Le premier concert est au sous-sol, sorte de « crypte urbaine » bien sonnante que l'on teste pour la première fois. Le programme est taillé sur mesure – pièces courtes et solistes – en fonction du lieu et du projet, balançant entre l'écrit et le non écrit. Superbement interprétée par la violoniste de 2e2m Dorothée Nodé-Langlois, la pièce de l'Iranienne Aida Shirazi séduit par la finesse de ses textures rappelant certaines sonorités de la lutherie traditionnelle de son pays. Avec partition toujours, le contrebassiste Louis Siracusa joue La Strapatta de l'Argentin, présent dans le public, Tomás Bordalejo. La Strapatta est un geste bien connu des musiciens de la milonga (ou du tango), rebond rythmique et percussion sur la caisse de l'instrument dont le compositeur exploite les potentialités sonores dans un univers microtonal sensible et sensuel. Plus courte et organique, la partition du compositeur et improvisateur Sylvain Kassap se concentre sur un geste-figure que l'altiste Claire Merlet répète tout en l'agrandissant, dévoilant à mesure la richesse du spectre et ses fines composantes. Pkt de Diana Soh, pour piccolo et électronique, est une pièce brillante et espiègle, entendue sous les doigts de Jean-Philippe Grometto, victime, hélas, des aléas de la technique… La machine est davantage réactive, quoique récalcitrante par instant (les larsen menacent souvent) lors de la performance de Timothée Quost, un musicien du collectif Loo jouant en virtuose de sa trompette amplifiée et transfigurée par l'électronique qui fait monter les décibels en fin de concert.
L'enchaînement avec l'événement suivant est d'une parfaite fluidité. Une vingtaine d'enfants (école élémentaire de Danton de Montreuil) se tiennent debout en demi-cercle dans la grande salle, instruments et accessoires en main, pour une improvisation collective très réussie sous les yeux des parents et le geste aussi généreux qu'incitatif de Léo Margue.
Un temps de restauration et de rencontre avec les artistes est ménagé au mitan de la soirée, avant le concert sur le plateau de la grande salle. Ce deuxième set débute également par une improvisation, des élèves de la classe d'improvisation des Conservatoires de Saint-Maur-des-Fossés et de Boulogne cette fois, le temps que le public s'installe. Le concert réunit pour la première fois les musiciens des deux ensembles avec, au programme, quatre pièces en création. Sans partition pour la plupart, elles sollicitent davantage l'écoute mutuelle et l'improvisation, sans renoncer à la direction de Léo Margue en charge des dynamiques et de la dramaturgie sonore fixés par les compositeurs et compositrices. Ils sont tous les quatre sur la scène, interprètes autant que créateurs.
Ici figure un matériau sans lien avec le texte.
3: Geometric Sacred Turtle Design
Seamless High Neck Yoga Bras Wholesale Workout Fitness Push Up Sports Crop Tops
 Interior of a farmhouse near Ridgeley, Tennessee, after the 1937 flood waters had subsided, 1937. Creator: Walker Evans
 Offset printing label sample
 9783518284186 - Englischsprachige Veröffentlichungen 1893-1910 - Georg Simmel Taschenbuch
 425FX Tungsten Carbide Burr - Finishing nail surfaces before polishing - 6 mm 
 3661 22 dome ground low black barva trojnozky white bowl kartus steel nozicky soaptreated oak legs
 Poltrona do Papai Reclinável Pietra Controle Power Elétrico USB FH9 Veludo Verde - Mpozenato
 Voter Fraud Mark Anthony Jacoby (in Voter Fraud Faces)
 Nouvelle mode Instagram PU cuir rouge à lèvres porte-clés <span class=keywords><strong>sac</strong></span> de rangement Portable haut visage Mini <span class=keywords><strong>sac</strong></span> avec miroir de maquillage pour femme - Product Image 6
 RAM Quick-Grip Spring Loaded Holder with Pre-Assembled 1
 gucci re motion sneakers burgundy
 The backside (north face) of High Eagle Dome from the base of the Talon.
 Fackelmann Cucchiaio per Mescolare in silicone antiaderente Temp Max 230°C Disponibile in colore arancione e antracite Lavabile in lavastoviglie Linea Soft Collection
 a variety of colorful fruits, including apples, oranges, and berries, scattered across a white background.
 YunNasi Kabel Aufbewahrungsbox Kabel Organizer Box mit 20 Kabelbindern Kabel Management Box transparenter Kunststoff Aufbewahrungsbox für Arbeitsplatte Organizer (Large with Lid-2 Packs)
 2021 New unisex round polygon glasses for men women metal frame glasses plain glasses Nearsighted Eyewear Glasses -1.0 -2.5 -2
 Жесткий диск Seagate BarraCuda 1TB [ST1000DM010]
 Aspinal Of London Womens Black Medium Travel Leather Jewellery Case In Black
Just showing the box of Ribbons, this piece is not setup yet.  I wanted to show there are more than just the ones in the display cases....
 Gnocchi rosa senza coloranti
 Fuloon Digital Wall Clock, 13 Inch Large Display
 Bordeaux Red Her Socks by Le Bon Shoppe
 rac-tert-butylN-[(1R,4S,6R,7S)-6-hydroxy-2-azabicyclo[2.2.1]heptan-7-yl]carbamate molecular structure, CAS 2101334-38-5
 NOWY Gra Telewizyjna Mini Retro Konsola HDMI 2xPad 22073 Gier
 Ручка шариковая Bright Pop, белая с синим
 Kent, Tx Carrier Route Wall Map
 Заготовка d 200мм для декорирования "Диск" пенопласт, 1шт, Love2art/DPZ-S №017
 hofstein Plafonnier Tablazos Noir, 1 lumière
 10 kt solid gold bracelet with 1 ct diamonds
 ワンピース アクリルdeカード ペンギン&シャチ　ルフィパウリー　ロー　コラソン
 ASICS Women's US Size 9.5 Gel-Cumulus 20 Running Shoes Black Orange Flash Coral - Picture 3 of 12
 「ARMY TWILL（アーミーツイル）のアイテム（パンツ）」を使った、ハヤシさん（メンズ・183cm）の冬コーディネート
D'Anaïs-Nour Benlachhab (devant sa console), Carte postale sonore est une pièce mixte fusionnant le son instrumental et une partie électroacoustique réalisée à partir d'enregistrements sur le terrain (Field recording), en Thaïlande et Indonésie. Le voyage est immersif et haut en couleurs, porté vers la transe via les rythmes survoltés du Kecak balinais auxquels s'associe le jeu instrumental. Entre acoustique et électronique, Ondes d'Augustin Braud, jouant de son synthétiseur modulaire, n'est pas moins envoûtant, dessinant une belle trajectoire sonore (accent et désinence) que modèle le geste de Léo Margue. Si la proposition du guitariste Thomas Caillou ne nous convainc pas pleinement, celle du contrebassiste Alexandre Perrault, « Je n'ai jamais craint la rosée », retient toute notre attention. Il fait également appel à la très belle voix de Linda Oláh qui mêle son chant au flux instrumental et dit à voix nue un extrait de Molloy de Beckett dont s'est inspiré le compositeur. Les commentaires instrumentaux qui suivent, dans un espace raréfié, nourrissent une coda très poétique.
Le dernier set (dance floor) met en scène Matthieu Naulleau et son piano augmenté, le pianolophone, véritable synthétiseur analogique. Le performeur est un artiste de la scène électro et de l'improvisation, entre jazz rock et musique répétitive. Il est rejoint par les deux saxophonistes de la soirée, Rémi Fox et Luise Volkmann pour, in fine, faire danser le public de la Marbrerie.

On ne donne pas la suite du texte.